§ **Exercise inputs**:
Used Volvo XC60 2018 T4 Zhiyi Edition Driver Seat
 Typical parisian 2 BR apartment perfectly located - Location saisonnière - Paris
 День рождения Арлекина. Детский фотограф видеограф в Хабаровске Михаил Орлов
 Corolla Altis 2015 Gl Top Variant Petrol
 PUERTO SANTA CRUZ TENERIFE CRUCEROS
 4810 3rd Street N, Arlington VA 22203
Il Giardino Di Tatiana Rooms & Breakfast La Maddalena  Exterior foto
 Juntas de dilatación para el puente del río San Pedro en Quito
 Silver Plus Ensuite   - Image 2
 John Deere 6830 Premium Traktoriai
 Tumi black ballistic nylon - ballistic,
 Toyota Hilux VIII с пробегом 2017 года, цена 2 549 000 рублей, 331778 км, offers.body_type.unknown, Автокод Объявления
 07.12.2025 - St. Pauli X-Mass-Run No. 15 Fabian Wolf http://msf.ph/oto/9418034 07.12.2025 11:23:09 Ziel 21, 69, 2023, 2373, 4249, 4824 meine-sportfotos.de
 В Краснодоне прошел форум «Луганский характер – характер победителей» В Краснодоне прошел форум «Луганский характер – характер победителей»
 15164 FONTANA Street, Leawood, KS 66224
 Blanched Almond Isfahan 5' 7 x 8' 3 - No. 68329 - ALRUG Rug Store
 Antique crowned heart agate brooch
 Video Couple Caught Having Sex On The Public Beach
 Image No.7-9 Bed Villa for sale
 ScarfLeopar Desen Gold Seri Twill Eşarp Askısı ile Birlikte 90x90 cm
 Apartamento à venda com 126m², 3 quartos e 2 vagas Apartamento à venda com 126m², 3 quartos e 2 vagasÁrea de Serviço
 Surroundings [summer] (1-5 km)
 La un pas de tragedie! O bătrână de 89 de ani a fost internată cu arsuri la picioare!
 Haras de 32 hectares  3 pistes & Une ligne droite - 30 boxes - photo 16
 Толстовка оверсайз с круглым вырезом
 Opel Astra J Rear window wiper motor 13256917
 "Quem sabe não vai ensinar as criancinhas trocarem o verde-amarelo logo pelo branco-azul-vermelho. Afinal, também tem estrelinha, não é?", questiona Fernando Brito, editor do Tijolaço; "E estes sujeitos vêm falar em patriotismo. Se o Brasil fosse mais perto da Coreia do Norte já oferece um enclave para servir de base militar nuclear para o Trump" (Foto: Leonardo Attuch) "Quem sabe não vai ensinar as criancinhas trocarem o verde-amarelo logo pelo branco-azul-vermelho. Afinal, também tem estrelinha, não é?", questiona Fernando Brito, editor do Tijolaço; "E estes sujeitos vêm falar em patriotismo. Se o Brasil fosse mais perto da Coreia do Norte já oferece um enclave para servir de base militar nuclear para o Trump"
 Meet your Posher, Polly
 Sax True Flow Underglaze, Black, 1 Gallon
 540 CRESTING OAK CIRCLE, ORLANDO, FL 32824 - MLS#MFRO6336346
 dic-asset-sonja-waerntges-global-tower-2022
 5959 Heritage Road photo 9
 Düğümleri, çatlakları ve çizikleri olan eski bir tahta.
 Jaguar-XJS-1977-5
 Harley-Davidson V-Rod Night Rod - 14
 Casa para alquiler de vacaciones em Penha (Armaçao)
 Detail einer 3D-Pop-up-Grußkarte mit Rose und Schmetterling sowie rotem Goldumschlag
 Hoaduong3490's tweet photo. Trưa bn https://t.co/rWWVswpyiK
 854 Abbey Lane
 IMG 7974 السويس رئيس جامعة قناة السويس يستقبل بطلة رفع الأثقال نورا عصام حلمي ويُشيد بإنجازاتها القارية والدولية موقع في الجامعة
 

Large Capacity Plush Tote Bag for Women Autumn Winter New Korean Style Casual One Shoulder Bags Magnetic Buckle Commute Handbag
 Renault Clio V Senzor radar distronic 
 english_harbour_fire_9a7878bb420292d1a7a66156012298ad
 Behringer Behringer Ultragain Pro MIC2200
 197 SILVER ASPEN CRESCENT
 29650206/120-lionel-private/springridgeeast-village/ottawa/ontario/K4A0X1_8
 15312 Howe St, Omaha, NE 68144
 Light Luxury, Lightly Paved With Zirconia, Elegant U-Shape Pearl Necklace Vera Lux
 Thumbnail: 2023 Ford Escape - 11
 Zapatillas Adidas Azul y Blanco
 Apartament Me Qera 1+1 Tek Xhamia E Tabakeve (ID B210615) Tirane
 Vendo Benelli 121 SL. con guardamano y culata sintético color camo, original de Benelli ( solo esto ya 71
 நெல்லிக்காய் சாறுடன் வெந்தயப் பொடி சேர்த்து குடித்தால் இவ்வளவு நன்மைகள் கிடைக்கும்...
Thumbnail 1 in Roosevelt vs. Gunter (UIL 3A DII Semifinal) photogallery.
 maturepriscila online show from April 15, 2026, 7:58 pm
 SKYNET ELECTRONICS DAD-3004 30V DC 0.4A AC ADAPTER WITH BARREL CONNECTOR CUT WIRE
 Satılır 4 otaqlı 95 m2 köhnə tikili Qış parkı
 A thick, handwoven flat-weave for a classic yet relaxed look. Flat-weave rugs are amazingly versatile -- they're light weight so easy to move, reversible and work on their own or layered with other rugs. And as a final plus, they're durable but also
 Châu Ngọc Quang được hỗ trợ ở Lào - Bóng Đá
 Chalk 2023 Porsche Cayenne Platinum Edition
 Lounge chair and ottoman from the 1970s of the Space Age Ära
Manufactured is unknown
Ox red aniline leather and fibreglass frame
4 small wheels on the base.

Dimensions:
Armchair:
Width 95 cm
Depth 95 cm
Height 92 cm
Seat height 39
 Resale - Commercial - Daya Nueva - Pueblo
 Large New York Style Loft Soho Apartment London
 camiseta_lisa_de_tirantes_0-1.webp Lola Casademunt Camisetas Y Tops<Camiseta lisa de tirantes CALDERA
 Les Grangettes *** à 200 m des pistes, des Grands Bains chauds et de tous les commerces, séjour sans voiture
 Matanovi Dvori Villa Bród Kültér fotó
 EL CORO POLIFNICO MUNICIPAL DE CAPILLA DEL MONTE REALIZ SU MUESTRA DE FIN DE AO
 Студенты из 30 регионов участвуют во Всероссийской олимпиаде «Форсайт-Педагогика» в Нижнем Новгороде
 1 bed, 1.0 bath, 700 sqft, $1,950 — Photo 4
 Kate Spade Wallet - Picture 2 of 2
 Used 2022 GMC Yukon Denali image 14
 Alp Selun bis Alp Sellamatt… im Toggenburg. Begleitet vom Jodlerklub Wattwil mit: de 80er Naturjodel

§ **Activity**:
Return the full data above, line for line.

§ **Final answer**:
Used Volvo XC60 2018 T4 Zhiyi Edition Driver Seat
 Typical parisian 2 BR apartment perfectly located - Location saisonnière - Paris
 День рождения Арлекина. Детский фотограф видеограф в Хабаровске Михаил Орлов
 Corolla Altis 2015 Gl Top Variant Petrol
 PUERTO SANTA CRUZ TENERIFE CRUCEROS
 4810 3rd Street N, Arlington VA 22203
Il Giardino Di Tatiana Rooms & Breakfast La Maddalena  Exterior foto
 Juntas de dilatación para el puente del río San Pedro en Quito
 Silver Plus Ensuite   - Image 2
 John Deere 6830 Premium Traktoriai
 Tumi black ballistic nylon - ballistic,
 Toyota Hilux VIII с пробегом 2017 года, цена 2 549 000 рублей, 331778 км, offers.body_type.unknown, Автокод Объявления
 07.12.2025 - St. Pauli X-Mass-Run No. 15 Fabian Wolf http://msf.ph/oto/9418034 07.12.2025 11:23:09 Ziel 21, 69, 2023, 2373, 4249, 4824 meine-sportfotos.de
 В Краснодоне прошел форум «Луганский характер – характер победителей» В Краснодоне прошел форум «Луганский характер – характер победителей»
 15164 FONTANA Street, Leawood, KS 66224
 Blanched Almond Isfahan 5' 7 x 8' 3 - No. 68329 - ALRUG Rug Store
 Antique crowned heart agate brooch
 Video Couple Caught Having Sex On The Public Beach
 Image No.7-9 Bed Villa for sale
 ScarfLeopar Desen Gold Seri Twill Eşarp Askısı ile Birlikte 90x90 cm
 Apartamento à venda com 126m², 3 quartos e 2 vagas Apartamento à venda com 126m², 3 quartos e 2 vagasÁrea de Serviço
 Surroundings [summer] (1-5 km)
 La un pas de tragedie! O bătrână de 89 de ani a fost internată cu arsuri la picioare!
 Haras de 32 hectares  3 pistes & Une ligne droite - 30 boxes - photo 16
 Толстовка оверсайз с круглым вырезом
 Opel Astra J Rear window wiper motor 13256917
 "Quem sabe não vai ensinar as criancinhas trocarem o verde-amarelo logo pelo branco-azul-vermelho. Afinal, também tem estrelinha, não é?", questiona Fernando Brito, editor do Tijolaço; "E estes sujeitos vêm falar em patriotismo. Se o Brasil fosse mais perto da Coreia do Norte já oferece um enclave para servir de base militar nuclear para o Trump" (Foto: Leonardo Attuch) "Quem sabe não vai ensinar as criancinhas trocarem o verde-amarelo logo pelo branco-azul-vermelho. Afinal, também tem estrelinha, não é?", questiona Fernando Brito, editor do Tijolaço; "E estes sujeitos vêm falar em patriotismo. Se o Brasil fosse mais perto da Coreia do Norte já oferece um enclave para servir de base militar nuclear para o Trump"
 Meet your Posher, Polly
 Sax True Flow Underglaze, Black, 1 Gallon
 540 CRESTING OAK CIRCLE, ORLANDO, FL 32824 - MLS#MFRO6336346
 dic-asset-sonja-waerntges-global-tower-2022
 5959 Heritage Road photo 9
 Düğümleri, çatlakları ve çizikleri olan eski bir tahta.
 Jaguar-XJS-1977-5
 Harley-Davidson V-Rod Night Rod - 14
 Casa para alquiler de vacaciones em Penha (Armaçao)
 Detail einer 3D-Pop-up-Grußkarte mit Rose und Schmetterling sowie rotem Goldumschlag
 Hoaduong3490's tweet photo. Trưa bn https://t.co/rWWVswpyiK
 854 Abbey Lane
 IMG 7974 السويس رئيس جامعة قناة السويس يستقبل بطلة رفع الأثقال نورا عصام حلمي ويُشيد بإنجازاتها القارية والدولية موقع في الجامعة
 

Large Capacity Plush Tote Bag for Women Autumn Winter New Korean Style Casual One Shoulder Bags Magnetic Buckle Commute Handbag
 Renault Clio V Senzor radar distronic 
 english_harbour_fire_9a7878bb420292d1a7a66156012298ad
 Behringer Behringer Ultragain Pro MIC2200
 197 SILVER ASPEN CRESCENT
 29650206/120-lionel-private/springridgeeast-village/ottawa/ontario/K4A0X1_8
 15312 Howe St, Omaha, NE 68144
 Light Luxury, Lightly Paved With Zirconia, Elegant U-Shape Pearl Necklace Vera Lux
 Thumbnail: 2023 Ford Escape - 11
 Zapatillas Adidas Azul y Blanco
 Apartament Me Qera 1+1 Tek Xhamia E Tabakeve (ID B210615) Tirane
 Vendo Benelli 121 SL. con guardamano y culata sintético color camo, original de Benelli ( solo esto ya 71
 நெல்லிக்காய் சாறுடன் வெந்தயப் பொடி சேர்த்து குடித்தால் இவ்வளவு நன்மைகள் கிடைக்கும்...
Thumbnail 1 in Roosevelt vs. Gunter (UIL 3A DII Semifinal) photogallery.
 maturepriscila online show from April 15, 2026, 7:58 pm
 SKYNET ELECTRONICS DAD-3004 30V DC 0.4A AC ADAPTER WITH BARREL CONNECTOR CUT WIRE
 Satılır 4 otaqlı 95 m2 köhnə tikili Qış parkı
 A thick, handwoven flat-weave for a classic yet relaxed look. Flat-weave rugs are amazingly versatile -- they're light weight so easy to move, reversible and work on their own or layered with other rugs. And as a final plus, they're durable but also
 Châu Ngọc Quang được hỗ trợ ở Lào - Bóng Đá
 Chalk 2023 Porsche Cayenne Platinum Edition
 Lounge chair and ottoman from the 1970s of the Space Age Ära
Manufactured is unknown
Ox red aniline leather and fibreglass frame
4 small wheels on the base.

Dimensions:
Armchair:
Width 95 cm
Depth 95 cm
Height 92 cm
Seat height 39
 Resale - Commercial - Daya Nueva - Pueblo
 Large New York Style Loft Soho Apartment London
 camiseta_lisa_de_tirantes_0-1.webp Lola Casademunt Camisetas Y Tops<Camiseta lisa de tirantes CALDERA
 Les Grangettes *** à 200 m des pistes, des Grands Bains chauds et de tous les commerces, séjour sans voiture
 Matanovi Dvori Villa Bród Kültér fotó
 EL CORO POLIFNICO MUNICIPAL DE CAPILLA DEL MONTE REALIZ SU MUESTRA DE FIN DE AO
 Студенты из 30 регионов участвуют во Всероссийской олимпиаде «Форсайт-Педагогика» в Нижнем Новгороде
 1 bed, 1.0 bath, 700 sqft, $1,950 — Photo 4
 Kate Spade Wallet - Picture 2 of 2
 Used 2022 GMC Yukon Denali image 14
 Alp Selun bis Alp Sellamatt… im Toggenburg. Begleitet vom Jodlerklub Wattwil mit: de 80er Naturjodel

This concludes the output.